*** Data for processing

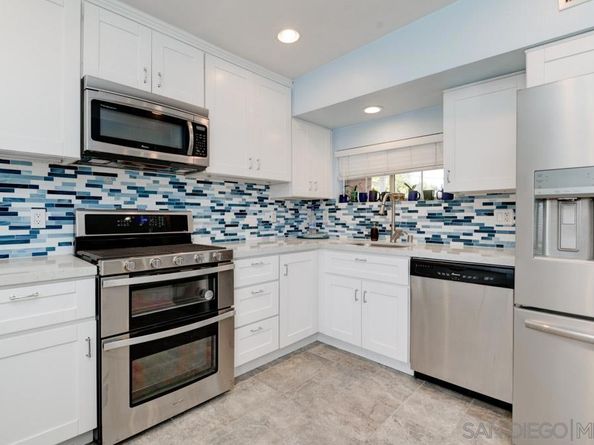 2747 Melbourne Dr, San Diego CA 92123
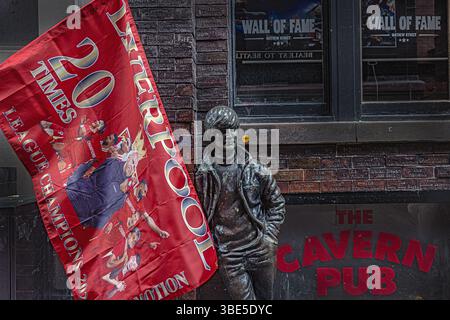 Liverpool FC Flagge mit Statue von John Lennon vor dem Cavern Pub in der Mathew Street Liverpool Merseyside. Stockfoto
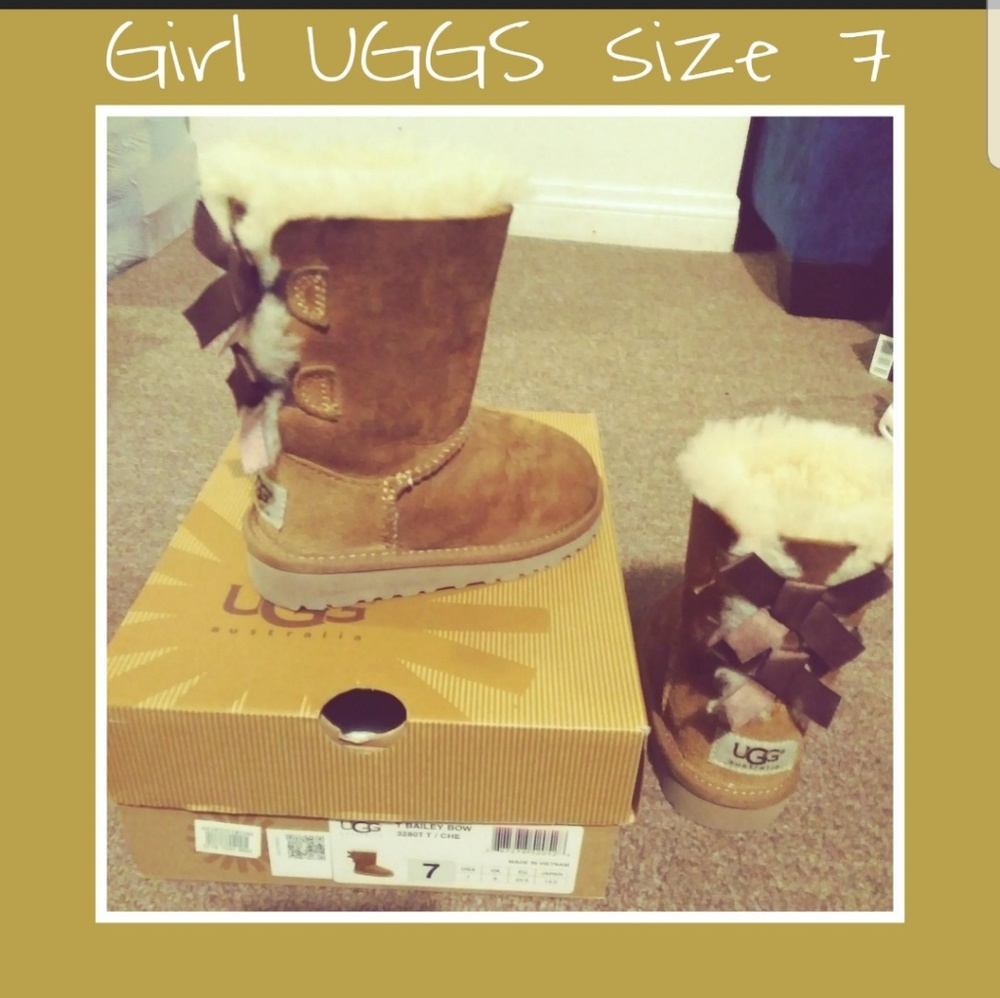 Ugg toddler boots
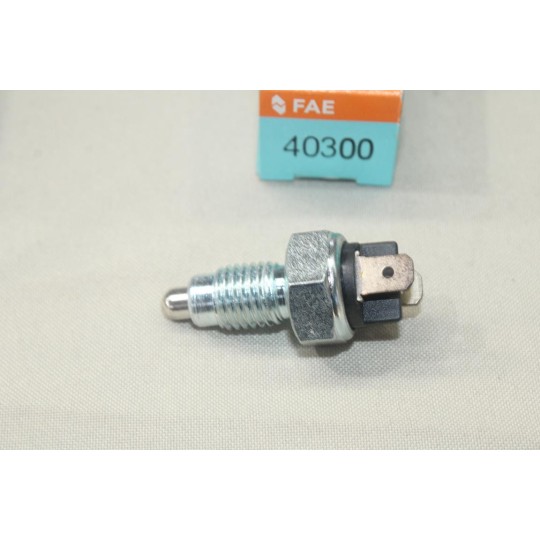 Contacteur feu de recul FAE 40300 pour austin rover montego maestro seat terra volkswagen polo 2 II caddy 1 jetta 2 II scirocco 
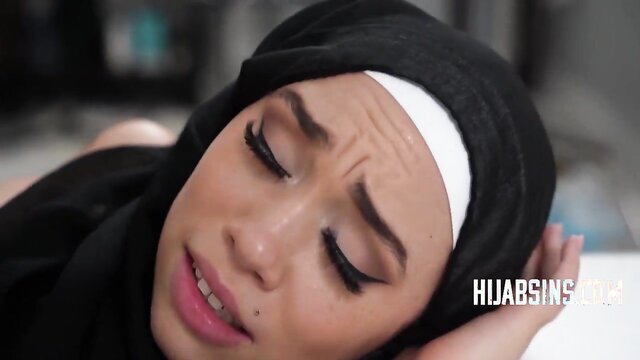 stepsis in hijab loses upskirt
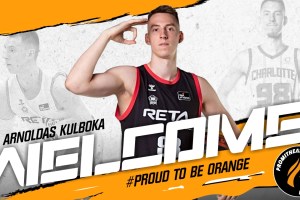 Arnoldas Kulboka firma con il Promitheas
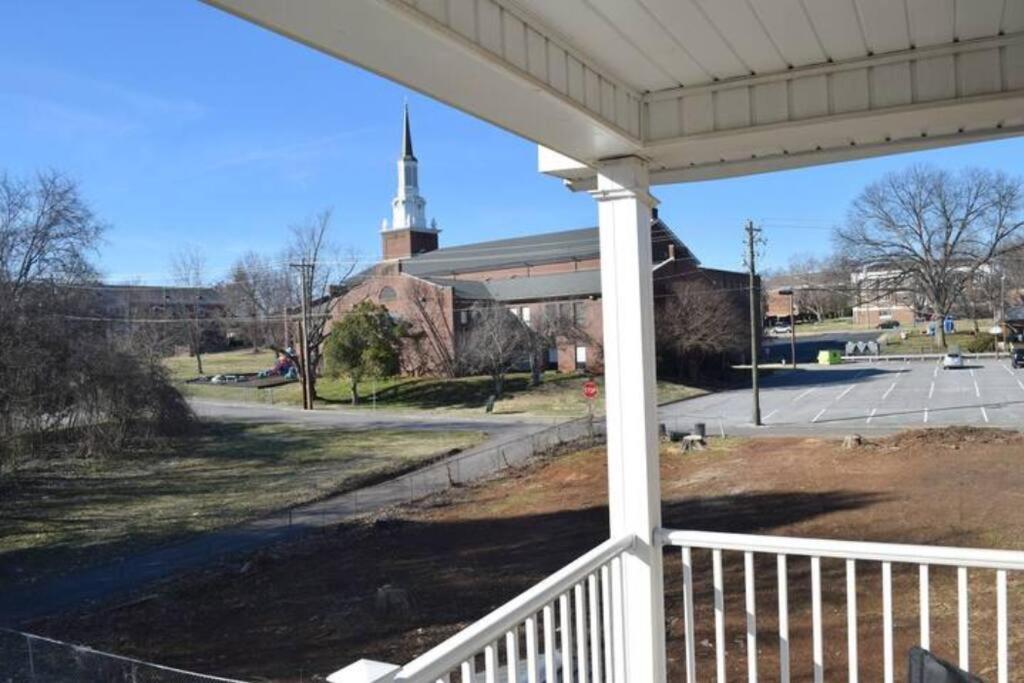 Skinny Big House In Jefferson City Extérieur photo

******
*** Data for processing

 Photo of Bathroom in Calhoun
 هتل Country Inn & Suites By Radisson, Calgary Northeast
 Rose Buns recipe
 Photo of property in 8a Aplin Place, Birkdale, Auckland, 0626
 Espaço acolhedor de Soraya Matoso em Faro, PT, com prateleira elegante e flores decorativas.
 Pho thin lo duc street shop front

******

(Requirement):
Starting at the line that contains "2747 Melbourne Dr, San Diego CA 92123" and ending at the line that contains "Skinny Big House", transcribe the material above exactly, excluding pictures.

(Solution to this problem):
 2747 Melbourne Dr, San Diego CA 92123
 Liverpool FC Flagge mit Statue von John Lennon vor dem Cavern Pub in der Mathew Street Liverpool Merseyside. Stockfoto
 Ugg toddler boots
 Contacteur feu de recul FAE 40300 pour austin rover montego maestro seat terra volkswagen polo 2 II caddy 1 jetta 2 II scirocco 
 stepsis in hijab loses upskirt
 Arnoldas Kulboka firma con il Promitheas
 Skinny Big House In Jefferson City Extérieur photo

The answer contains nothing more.